Par Colin Cyvoct · L'ŒIL

Le 23 février 2009 - 392 mots

Constituant la première exposition importante consacrée à la présence de « l’ombre portée » dans l’art occidental, les cent quarante œuvres réunies au musée Thyssen-Bornemisza et à la fondation Caja Madrid permettent d’appréhender l’importance de l’ombre dans la peinture, la photographie et le cinéma, du xve siècle à nos jours.

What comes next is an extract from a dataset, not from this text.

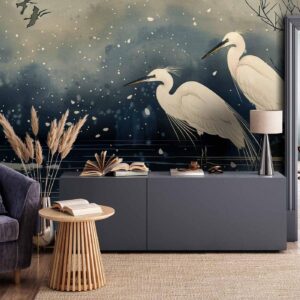 Fotobehang - Herons over a winter pond - Japanese-style illustration in dark colours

Le mythe de l’apparition de l’art relaté par Pline dans son Histoire naturelle donne à l’ombre une place originelle : la fille du potier Butadès, amoureuse d’un jeune homme qui doit partir à l’étranger, trace le contour de l’ombre de son visage projetée sur un mur. Le premier portrait est né.
L’artiste de l’Antiquité sait tirer parti de l’ombre pour donner l’illusion du relief. Mais il faut attendre la Renaissance et l’invention de la perspective pour que son usage devienne rationnel. Conséquence objective de l’interposition d’un corps opaque entre une source de lumière et une surface de projection, elle devient un sujet de recherche novateur pour des artistes tels que Lorenzo Lotto ou Gentile da Fabriano. Concernant par exemple le thème de l’Annonciation, l’ombre acquiert à cette époque une connotation symbolique importante. Les ombres de l’ange ou de la Vierge des tableaux de Jan Van Eyck ou de Lorenzo di Credi renvoient à «  l’ombre du Tout-Puissant  », métaphore du miracle de l’Incarnation.
L’époque baroque voit des peintres comme Georges de La Tour ou Matthias Stom explorer les spectaculaires possibilités de la lumière et de l’ombre comme nul ne l’avait tenté auparavant. Mais ce n’est qu’aux xviiie et xixe siècles que l’ombre sera valorisée pour ses qualités expressives essentiellement négatives. Les «  peintures noires  » de Goya en sont une remarquable illustration. Pour les impressionnistes, l’ombre devient un objet d’investigation purement plastique, délivré de tout poids narratif. L’ombre colorée remplace le traditionnel emploi du noir et du brun, écartant ainsi toute connotation négative.
Les artistes du xxe siècle ont également su jouer des ombres  : elles confèrent une ambiance lourde et inquiétante aux paysages peints par De Chirico, recomposent les images insolites des rêves de Dalí. L’exposition s’achève sur de nombreuses photographies –  art de la lumière et de l’ombre  – et des extraits de films, entre autres de Hitchcock et de Murnau.

A voir

« La Sombra » : musée Thyssen-Bornemisza, Paseo del Prado 8, 28014 Madrid, www.museothyssen.org et fondation Caja Madrid, Plaza de San Martin (Espagne) www.fundacioncajamadrid.org, jusqu'au 17 mai 2009.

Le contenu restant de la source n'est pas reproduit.